New Leaf Literary and Media on agents and “It’s good, it’s just not for me.”

I’m querying! That means I glom onto absolutely everything I find online that is related to the process of querying. In fact, I am currently I’m sitting on a treasure trove of agent-related links, none of which I have actually bothered to post here. So it’s time. I am actually going to start posting these things.

So here’s one: A post from New Leaf Literary and Media on what it means to them when they have to give the heartbreaking response of “Your story is good, but it’s just not for me.”

When agents reply, "It's good, just not for me," isn't that admitting to being gatekeepers to traditional publishing? – New Leaf Literary & Media, Inc..

2 thoughts on “New Leaf Literary and Media on agents and “It’s good, it’s just not for me.”

  1. Marketing really does play a lot into everything. But the problem with such a thing by default is that it’s very…anti-risk taking, I suppose. And I think that can be murder on storytelling.

    Sometimes I wonder if, once an established author, it’s not a terrible idea to handle things with a mixture approach. The stories that are based on what sells go the traditional route, the riskier stuff goes the independent route (which if it does reasonably well may still get an offer from a publisher who sees $ signs).

    But then again, it’s also easier to get everything through once established too.

    This provoked something to think about during lunch either way. Thanks for posting it!

    1. Glad to hear it was interesting!

      I agonize over marketability and querying has made that a thousand times worse. Write stories that can feasibly sell! Be aware of trends! Except, wait. No, don’t do that. Trends get bloated quickly, and you don’t want to write in an overdone genre. Only write unique stories in established genres that are selling 1.5 years from now?!

      Honestly, the last time I thought about this it gave me writer’s block. (“Is the idea I’m working on how inherently more sellable than what I’m pitching? Maybe I shouldn’t write it unless it’s BEST IDEA EVER THAT CAN’T NOT BE SOLD?!”)

      It’s not a good game to play. I have to remind myself just to… write whatever I like. Write what I enjoy and what I want to. Because I can’t guess trends and I can’t guess what an agent’s personal feelings will be. I can avoid writing the 1,021st supernatural vampire romance, but that’s it.

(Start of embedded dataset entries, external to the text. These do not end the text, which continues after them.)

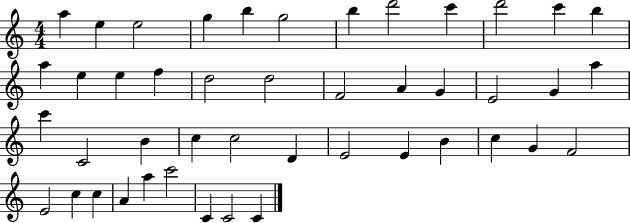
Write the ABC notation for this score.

X:1
T:Untitled
M:4/4
L:1/4
K:C
a e e2 g b g2 b d'2 c' d'2 c' b a e e f d2 d2 F2 A G E2 G a c' C2 B c c2 D E2 E B c G F2 E2 c c A a c'2 C C2 C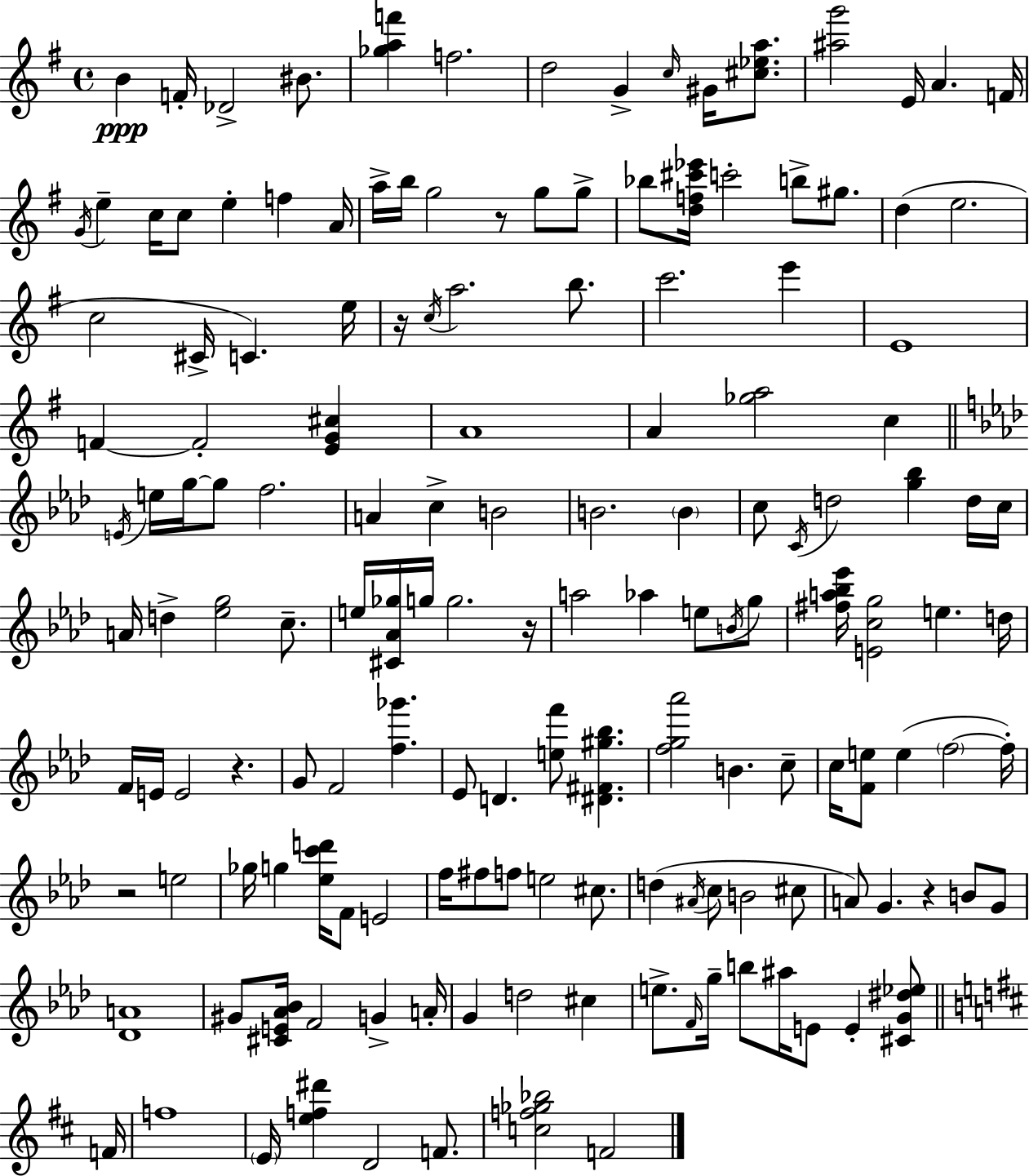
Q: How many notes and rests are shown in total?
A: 153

      That said, I don’t think it necessarily discourages risk. Where’s the “never will be published by any major publisher, ever” line? They want uniqueness, just… in a way they can sell. And what’s sellable changes all the time (as do agents’ opinions of what that is.) I think you’d have to be doing some crazy stuff–really experimental writing or extreme taboos–to be able to easily say that no traditional publisher will ever take a project on.